O all ye that are pure in heart, lift up your heads and receive the pleasing word of God, and feast upon his love; for ye may, if your minds are firm, forever.
This follows up from Jacob 2, where Jacob faced the dilemma that because of the need to condemn particular sins his words could not offer the comfort others needed. What I like about these verses is that, although Jacob himself cannot offer consolation, there are other sources of comfort to be had, particularly though looking to God, prayer and receiving the word of God, which I believe includes both personal revelation and receiving the scriptures (and of course the latter should often include a degree of the former).
There are some topics, of course, that the scriptures don’t appear to address all that explicitly.
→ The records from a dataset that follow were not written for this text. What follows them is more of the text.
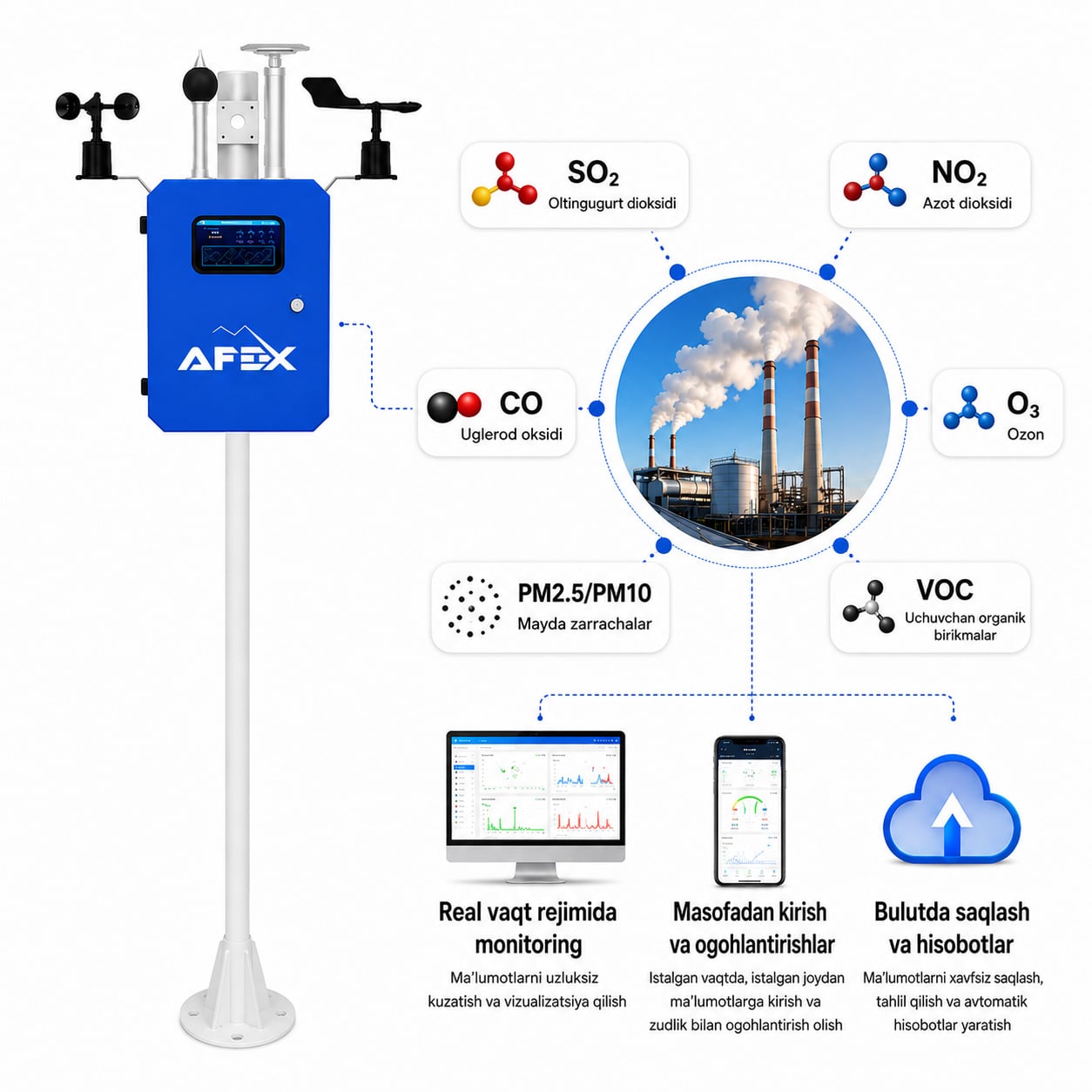 AFEX-950 Automatic Ambient Air Quality Monitoring Station (Gas Analyzer) — Image 1 / 6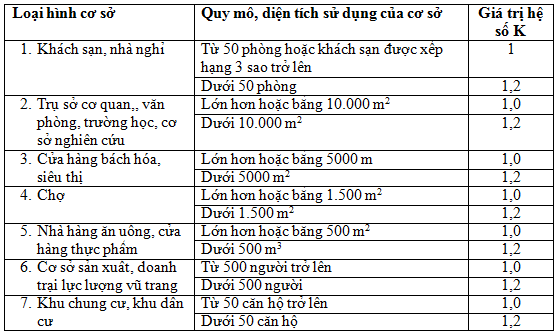 giá trị hệ số k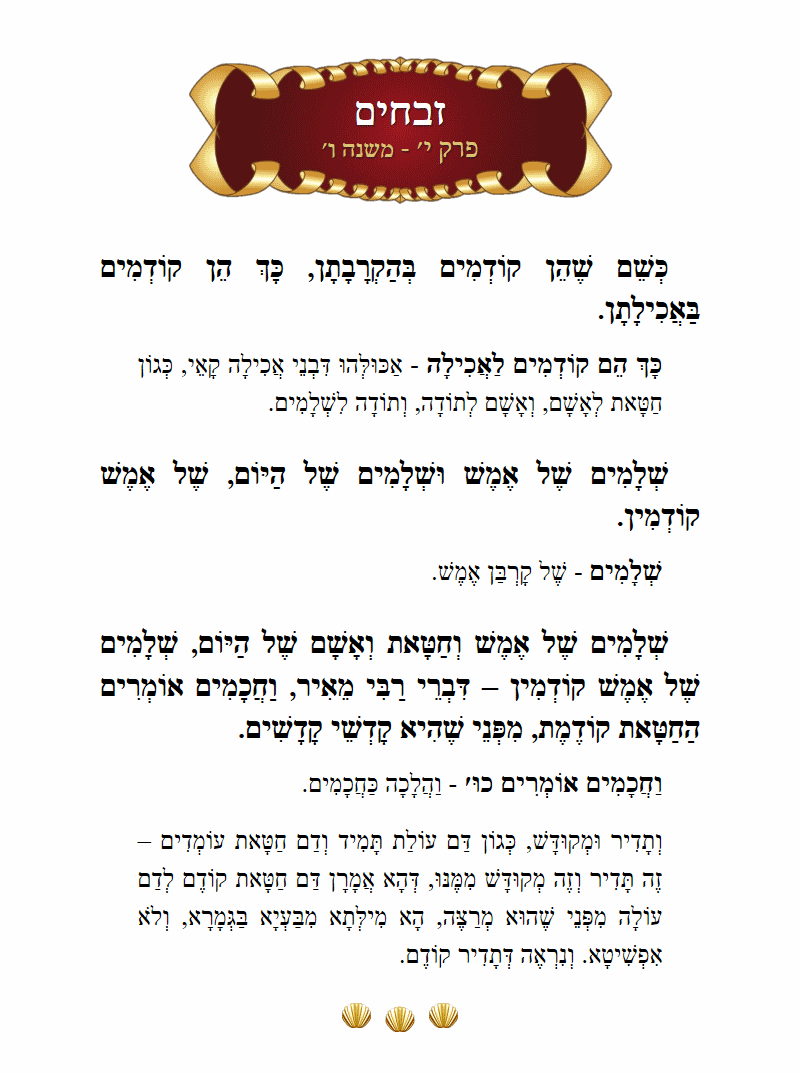 Masechta Zevachim Chapter 10 Mishnah 6 with commentary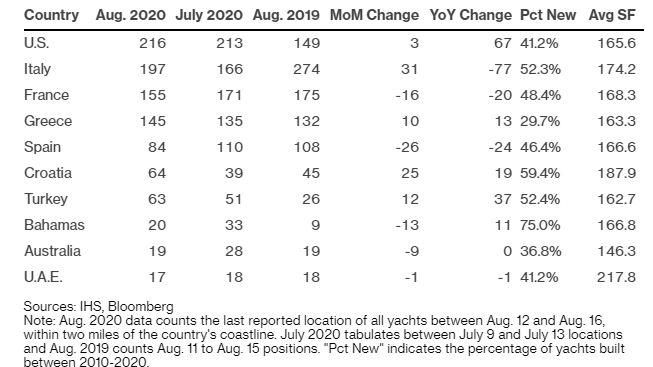 Το top 10 των χωρών που φιλοξενούν τα περισσότερα γιοτ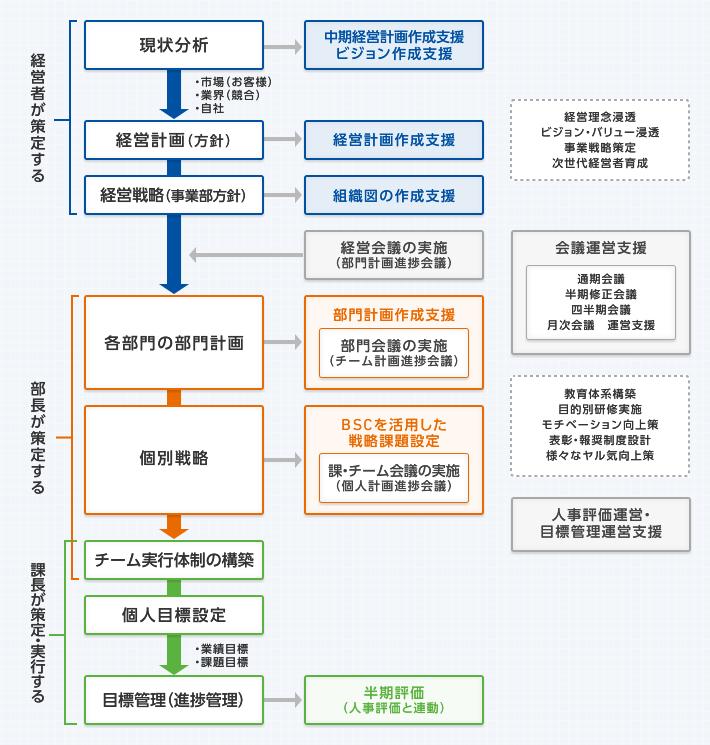 経営計画から現場の目標管理の流れと支援内容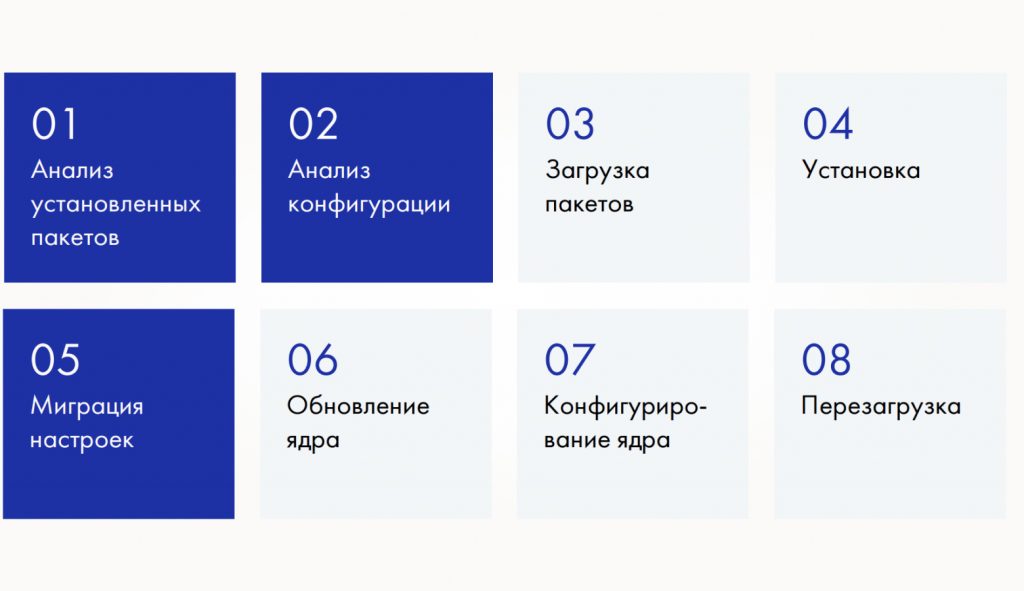 Обновление контроллеров других систем
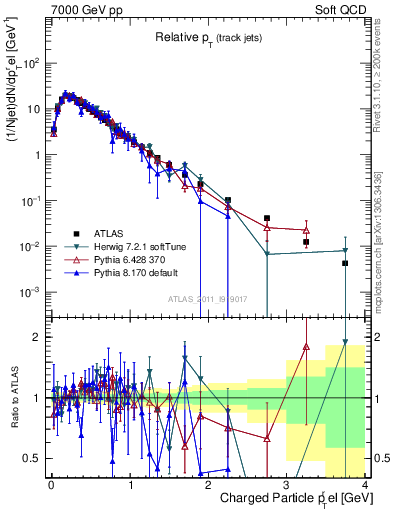 Plot of ptrel in 7000 GeV pp collisions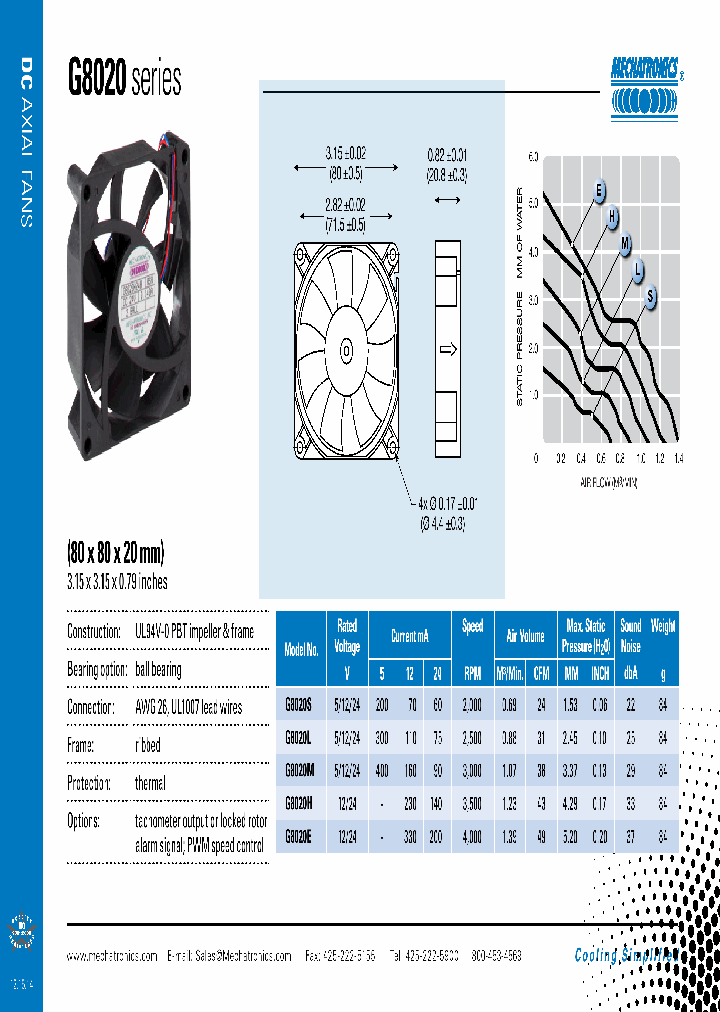 G8020E_8233132.PDF Datasheet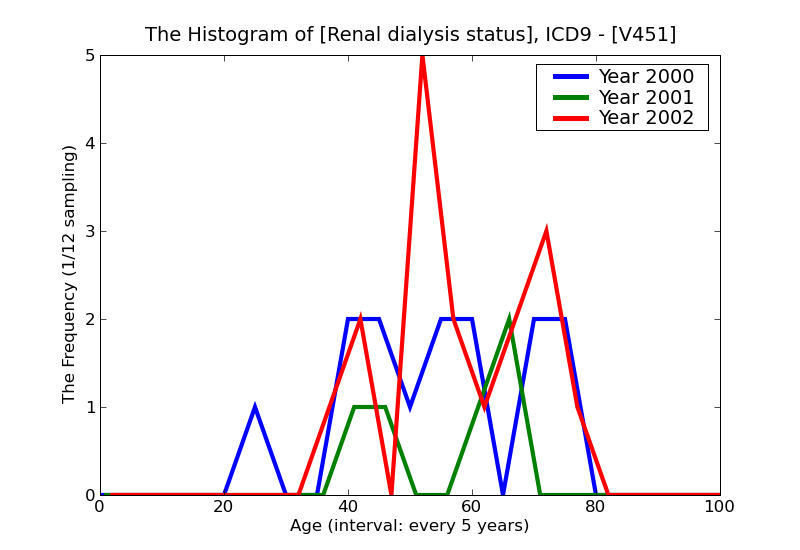 ICD9 Histogram Renal dialysis status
But as I’ve also mentioned before (in reference to Jacob no less) the scriptures can address issues in far less direct and more subtle ways. The scriptures are the word of God, an inexhaustible well of inspiration, which we are invited to “liken” them unto ourselves and through which we can receive personal guidance and revelation.
Studying the scriptures in such a way is of course a very personal experience: what one sees or needs to see, may not be what other people need to see. Perhaps this is why the scriptures don’t address certain topics explicitly, and another reason why Jacob could point people to the “pleasing word of God” but not offer such comfort personally. Each of us is an individual, with our own issues and challenges, and – while there are fixed eternal truths – for our own different issues we need individual guidance to resolve them. But there is a common path by which we can receive that guidance, that through prayer and contemplation of the word of God we can each receive the individual comfort and counsel we need. But we cannot rely on others to walk that path for us: each of us personally must look towards God, pray to him and receive his “pleasing word”.
This chapter really concludes Jacob’s sermon to his people. If chapter two was the first half, addressing the two specific areas of concern, in this second half Jacob first turns (as above) to those in his audience who may have been hurt by such sins (and by his necessary words about them), and then switches back to warning against sin and urging repentance and reformation on the part of his wider audience.
Behold, their husbands love their wives, and their wives love their husbands; and their husbands and their wives love their children; and their unbelief and their hatred towards you is because of the iniquity of their fathers; wherefore, how much better are you than they, in the sight of your great Creator?
I find it interesting that Lamanite family life is so commended here (in contrast to the Nephite situation), and indeed seems always to have been comparatively healthy, when one looks at episodes like the stealing of the daughters of the Lamanites (Mosiah 20), or in the Sons of Mosiah’s mission to the Lamanites, and the role various wives and daughters (generally an unrepresented group in the Book of Mormon) played in that narrative. This rather healthy family life is not without divine reward, too: “because of this observance, in keeping this commandment, the Lord God will not destroy them, but will be merciful unto them; and one day they shall become a blessed people” (Jacob 3:6), despite other sins and unbelief which they inherited, so to speak, from their forefathers.
Wherefore, ye shall remember your children, how that ye have grieved their hearts because of the example that ye have set before them; and also, remember that ye may, because of your filthiness, bring your children unto destruction, and their sins be heaped upon your heads at the last day.
Jacob 3:10 here introduces an interesting corollary to this idea. If the Lamanites could end up the way they are because of the decisions of their ancestors, it follows this may not be a one-off: the Nephites, and for that matter any of us, could act in ways that bring disastrous consequences upon following generations, with little choice on their part. And I think one can see this, when one looks at the generational consequences that can accompany things like abuse, addiction, family break-up, or apostasy. It’s this phenomenon that I believe is reflected in scriptural statements such as those in Exodus 20:5 about the “the iniquity of the fathers” being ‘visited’ “upon the children unto the third and fourth generation of them that hate me”. This doesn’t mean that those successive generations have been abandoned by God or left without hope: after all, neither were (or were to be) later generations of the Lamanites. But it does mean that our actions, including our sins, can have wider consequences than just ourselves and those we directly sin against.